Abstract: This paper considers doing quantile regression on censored data using neural networks (NNs). This adds to the survival analysis toolkit by allowing direct prediction of the target variable, along with a distribution-free characterization of uncertainty, using a flexible function approximator. We begin by showing how an algorithm popular in linear models can be applied to NNs. However, the resulting procedure is inefficient, requiring sequential optimization of an individual NN at each desired quantile. Our major contribution is a novel algorithm that simultaneously optimizes a grid of quantiles output by a single NN. To offer theoretical insight into our algorithm, we show firstly that it can be interpreted as a form of expectation-maximization, and secondly that it exhibits a desirable `self-correcting’ property. Experimentally, the algorithm produces quantiles that are better calibrated than existing methods on 10 out of 12 real datasets.

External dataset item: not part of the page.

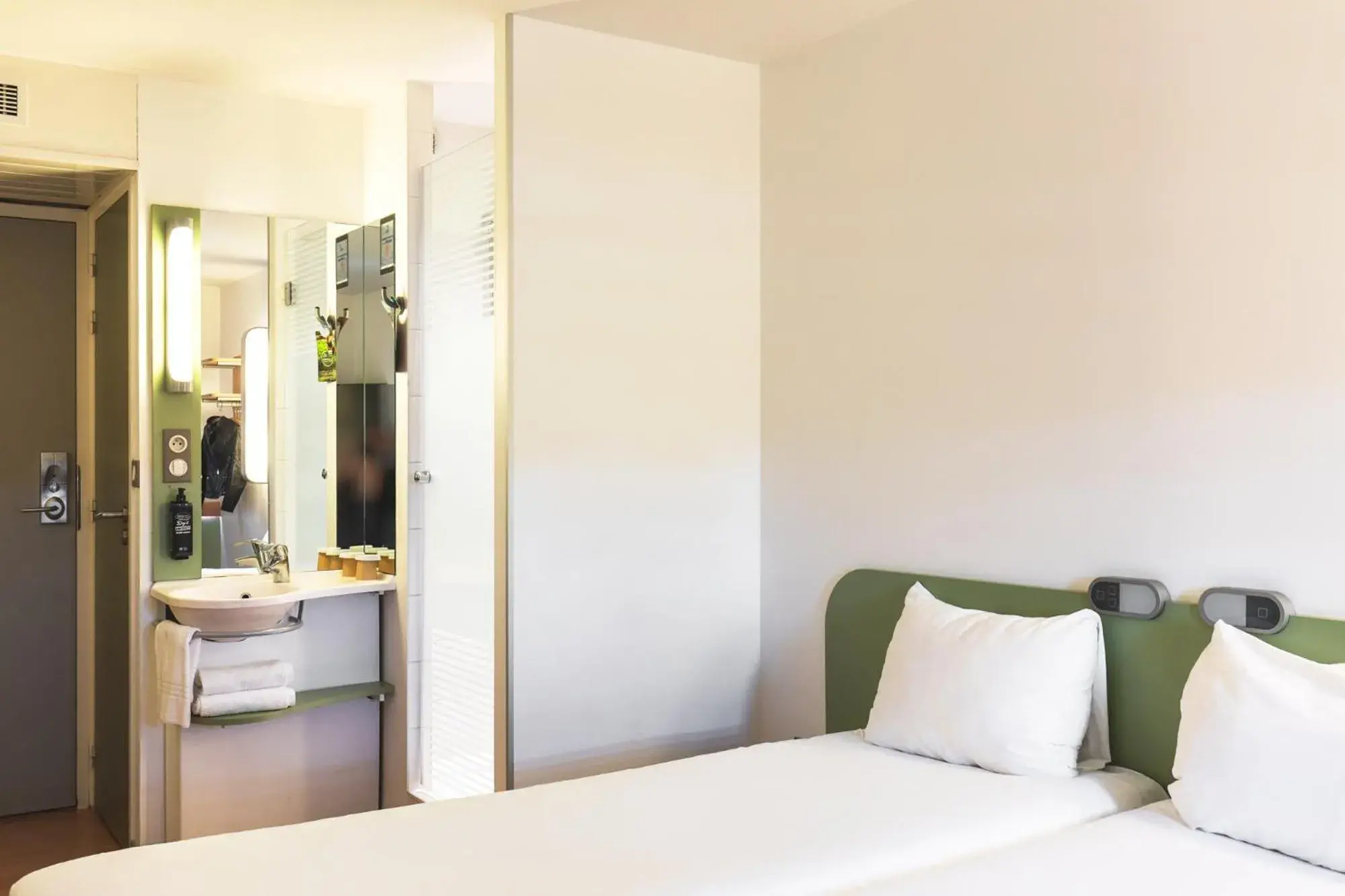 Bathroom, Bed in ibis budget Lyon Confluence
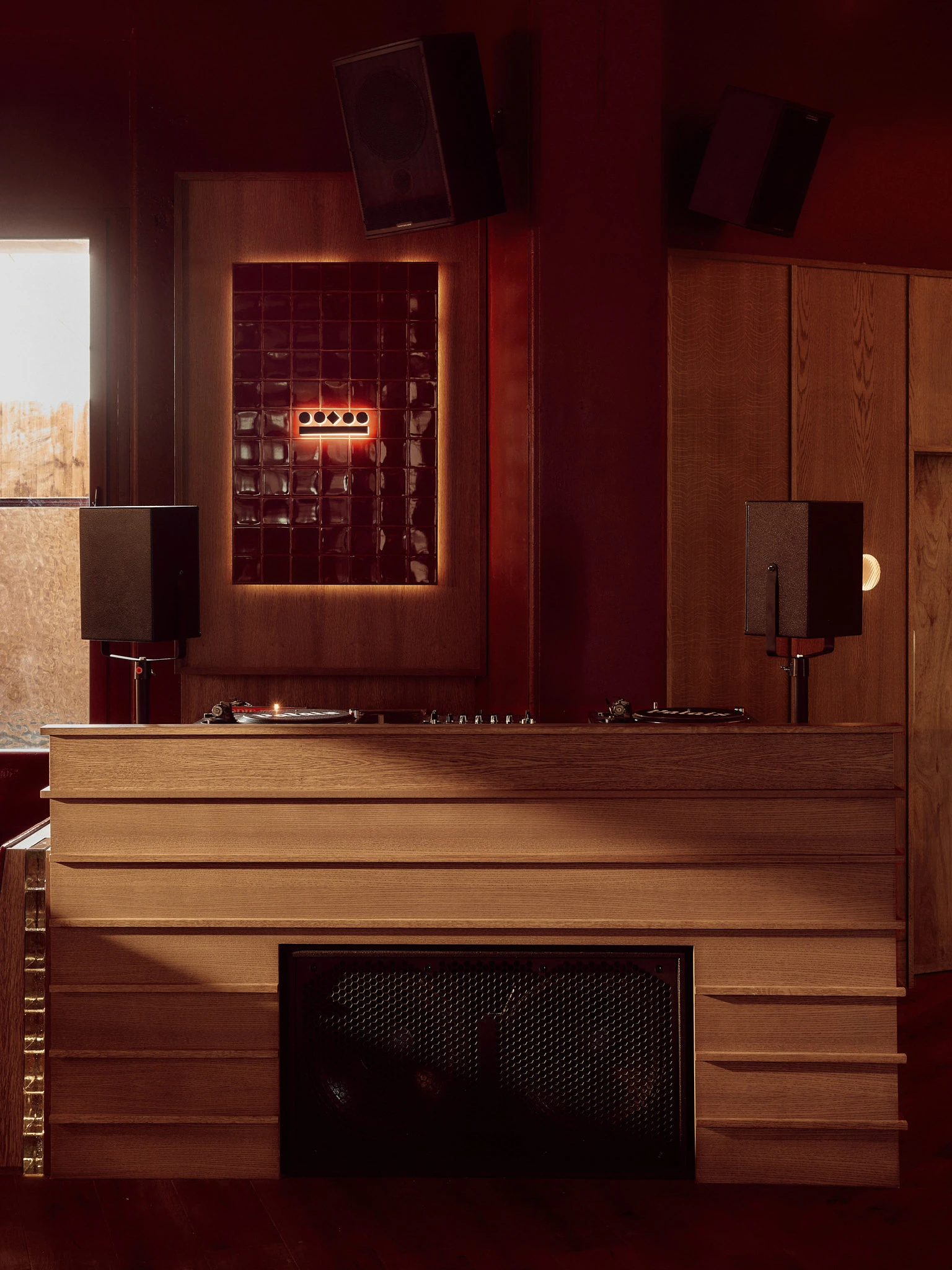 DJ booth with speakers and vinyl record decks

### Learning (Very) Simple Generative Models Is Hard

Sitan Chen, Jerry Li, Yuanzhi Li

Abstract: Motivated by the recent empirical successes of deep generative models, we study the computational complexity of the following unsupervised learning problem. For an unknown neural network $$F:\mathbb{R}^d\to\mathbb{R}^{d’}$$, let $$D$$ be the distribution over $$\mathbb{R}^{d’}$$ given by pushing the standard Gaussian $$\mathcal{N}(0,\textrm{Id}_d)$$ through $$F$$. Given i.i.d. samples from $$D$$, the goal is to output $${any}$$ distribution close to $$D$$ in statistical distance.

We show under the statistical query (SQ) model that no polynomial-time algorithm can solve this problem even when the output coordinates of $$F$$ are one-hidden-layer ReLU networks with $$\log(d)$$ neurons. Previously, the best lower bounds for this problem simply followed from lower bounds for $$supervised$$ $$learning$$ and required at least two hidden layers and $$poly(d)$$ neurons [Daniely-Vardi ’21, Chen-Gollakota-Klivans-Meka ’22].

The key ingredient in our proof is an ODE-based construction of a compactly supported, piecewise-linear function $$f$$ with polynomially-bounded slopes such that the pushforward of $$\mathcal{N}(0,1)$$ under $$f$$ matches all low-degree moments of $$\mathcal{N}(0,1)$$.